Finisterre: Seeing What Is Really There

A pledge to keep walking beyond where I have once called home, onto where I am challenged to change, reconcile, surrender, and create in ways I hadn’t imagined.

It’s late on Monday; my day to publish the next blog. I’m still dreaming I’m in the Grand Canyon this week–strange dreams, but always the sense of flowing in water.

When I look at the words of the pledge I wrote down above, I think what fulfills that pledge this week is the last phrase–“to create in ways I hadn’t imagined.”

I’m wondering if it is the influence of seeing the first spring flowers at every stop of our road trip–from yellow violets to pink cacti, hordes of daffodils, fields of poppies, hillsides of lupine and the slopes of yellow brittle brush in the Canyon, but something stirred in me this week, back to a time when I used to draw wildflowers–during my very first years in Alaska, when so many blooms were new to me, especially the tiny alpine versions that survived such brutal winters.

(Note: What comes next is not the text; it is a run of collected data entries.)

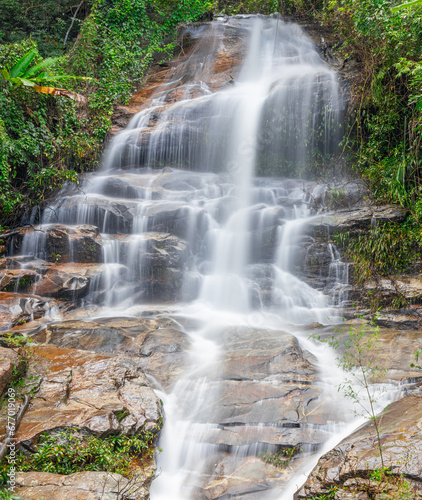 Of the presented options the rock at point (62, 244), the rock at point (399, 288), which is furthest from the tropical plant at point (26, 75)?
the rock at point (399, 288)

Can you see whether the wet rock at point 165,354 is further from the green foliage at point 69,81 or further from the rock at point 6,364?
the green foliage at point 69,81

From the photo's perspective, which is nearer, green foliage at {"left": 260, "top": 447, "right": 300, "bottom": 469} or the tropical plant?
green foliage at {"left": 260, "top": 447, "right": 300, "bottom": 469}

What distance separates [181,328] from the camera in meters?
7.54

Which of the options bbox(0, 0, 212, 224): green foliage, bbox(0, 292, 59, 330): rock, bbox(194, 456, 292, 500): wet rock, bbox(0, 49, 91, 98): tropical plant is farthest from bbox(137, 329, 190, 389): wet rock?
bbox(0, 49, 91, 98): tropical plant

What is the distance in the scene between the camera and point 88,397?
4.89m

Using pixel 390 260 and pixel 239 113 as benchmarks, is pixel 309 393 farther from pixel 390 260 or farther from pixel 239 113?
pixel 239 113

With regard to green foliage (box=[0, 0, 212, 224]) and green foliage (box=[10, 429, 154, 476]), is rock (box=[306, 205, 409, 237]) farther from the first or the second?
green foliage (box=[0, 0, 212, 224])

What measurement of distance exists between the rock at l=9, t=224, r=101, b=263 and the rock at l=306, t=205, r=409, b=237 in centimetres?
528

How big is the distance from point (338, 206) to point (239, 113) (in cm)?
473

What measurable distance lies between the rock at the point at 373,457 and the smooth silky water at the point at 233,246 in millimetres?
465

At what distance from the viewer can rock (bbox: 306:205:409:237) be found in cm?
864

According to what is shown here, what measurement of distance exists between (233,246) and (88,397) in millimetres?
5670

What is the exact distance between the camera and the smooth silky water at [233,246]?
15.4ft

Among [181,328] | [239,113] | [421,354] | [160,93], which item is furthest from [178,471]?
[160,93] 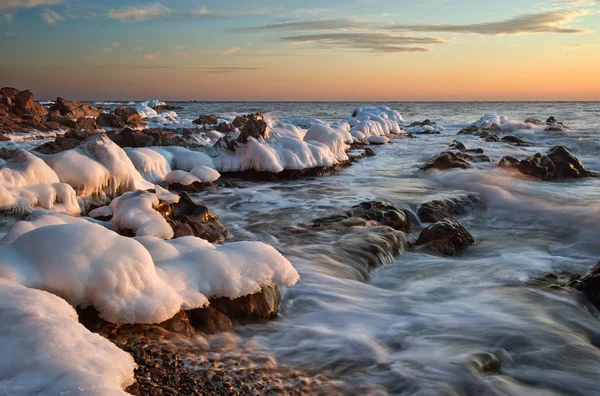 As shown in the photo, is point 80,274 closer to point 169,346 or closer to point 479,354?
point 169,346

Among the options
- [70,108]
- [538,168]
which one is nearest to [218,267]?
[538,168]

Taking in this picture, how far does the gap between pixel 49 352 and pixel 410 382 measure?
224cm

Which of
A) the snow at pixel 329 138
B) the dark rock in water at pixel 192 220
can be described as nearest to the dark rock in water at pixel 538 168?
the snow at pixel 329 138

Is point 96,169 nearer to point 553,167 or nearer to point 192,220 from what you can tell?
point 192,220

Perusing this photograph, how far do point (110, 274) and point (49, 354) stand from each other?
97 cm

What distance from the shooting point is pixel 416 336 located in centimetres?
420

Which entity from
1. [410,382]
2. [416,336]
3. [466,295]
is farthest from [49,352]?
[466,295]

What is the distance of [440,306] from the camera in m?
5.00

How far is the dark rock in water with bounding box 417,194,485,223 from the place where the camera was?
884 cm

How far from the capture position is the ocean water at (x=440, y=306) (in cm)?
361

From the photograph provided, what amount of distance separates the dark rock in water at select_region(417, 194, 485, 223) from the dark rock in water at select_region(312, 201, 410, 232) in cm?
67

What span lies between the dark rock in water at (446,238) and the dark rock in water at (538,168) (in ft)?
20.2

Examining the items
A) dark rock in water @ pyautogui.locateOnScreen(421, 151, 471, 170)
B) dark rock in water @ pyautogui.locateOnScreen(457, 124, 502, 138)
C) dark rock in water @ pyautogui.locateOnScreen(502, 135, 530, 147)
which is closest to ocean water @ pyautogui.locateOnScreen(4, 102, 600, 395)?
dark rock in water @ pyautogui.locateOnScreen(421, 151, 471, 170)

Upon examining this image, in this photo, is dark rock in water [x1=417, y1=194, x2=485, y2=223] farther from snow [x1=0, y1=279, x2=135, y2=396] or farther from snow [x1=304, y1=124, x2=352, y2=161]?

This desire arose to draw the flowers emerging in my yard now. But how to start? I had let the drawing lapse many years ago. Then a book came to mind that had been recommended years ago that I had started and then put down–Drawing on the Right Side of the Brain by Betty Edwards. It was published in 1989 yet remains a classic. She carefully details how drawing evolves through childhood and teenage years, and how the progression from drawing stick figures to drawing realistic images is developed. Her primary premise is that children, and thus adults, are not taught how to see, that is how to perceive using the right side of the brain. Unlike the left side of the brain, the right mode is aware but mostly nonverbal and not connected to words. It is related more to the present moment, and has an understanding of metaphoric relationships. There is a willingness to suspend judgment, to make leaps of insight, and sees the the overall pattern of things. (pg. 40)

These attributes relate so closely to my work on the spiritual path that I had to smile. I was being drawn back to this way of seeing, and being present, intuitive and wholistic. It delighted me. Edwards goes on to say, “To sum up, adult students beginning in art generally do not really see what is in front of their eyes–that is, they do not perceive in the special way required for drawing.They take note of what’s there, and quickly translate the perception into words and symbols mainly based on the symbol system developed throughout childhood and on what they know about the perceived object….What is the solution to this dilemma? You must turn turn off your dominant left brain mode of verbal categorizing and turn on the right mode processing part of your brain, so that you can see the way an artist sees.(pg.78)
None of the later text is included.